How to extract files from a zip archive in S3

Rpj picture Rpj · Feb 3, 2015 · Viewed 19.8k times · Source

I have a zip archive uploaded in S3 in a certain location (say /foo/bar.zip) I would like to extract the values within bar.zip and place it under /foo without downloading or re-uploading the extracted files. How can I do this, so that S3 is treated pretty much like a file system

Answer

DNA picture DNA · Feb 18, 2015

S3 isn't really designed to allow this; normally you would have to download the file, process it and upload the extracted files.

However, there may be a few options:

  1. You could mount the S3 bucket as a local filesystem using s3fs and FUSE (see article and github site). This still requires the files to be downloaded and uploaded, but it hides these operations away behind a filesystem interface.

  2. If your main concern is to avoid downloading data out of AWS to your local machine, then of course you could download the data onto a remote EC2 instance and do the work there, with or without s3fs. This keeps the data within Amazon data centers.

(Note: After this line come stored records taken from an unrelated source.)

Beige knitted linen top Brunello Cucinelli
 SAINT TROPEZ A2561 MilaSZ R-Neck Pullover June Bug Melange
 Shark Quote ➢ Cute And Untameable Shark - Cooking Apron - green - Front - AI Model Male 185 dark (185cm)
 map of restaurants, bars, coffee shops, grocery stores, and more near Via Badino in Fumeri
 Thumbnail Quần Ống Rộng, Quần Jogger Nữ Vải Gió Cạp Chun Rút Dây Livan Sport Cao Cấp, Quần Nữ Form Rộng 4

  3. You may be able to perform remote operations on the files, without downloading them onto your local machine, using AWS Lambda.

You would need to create, package and upload a small program written in node.js to access, decompress and upload the files. This processing will take place on AWS infrastructure behind the scenes, so you won't need to download any files to your own machine. See the FAQs.

Finally, you need to find a way to trigger this code - typically, in Lambda, this would be triggered automatically by upload of the zip file to S3. If the file is already there, you may need to trigger it manually, via the invoke-async command provided by the AWS API. See the AWS Lambda walkthroughs and API docs.

However, this is quite an elaborate way of avoiding downloads, and probably only worth it if you need to process large numbers of zip files! Note also that (as of Oct 2018) Lambda functions are limited to 15 minutes maximum duration (default timeout is 3 seconds), so may run out of time if your files are extremely large - but since scratch space in /tmp is limited to 500MB, your filesize is also limited.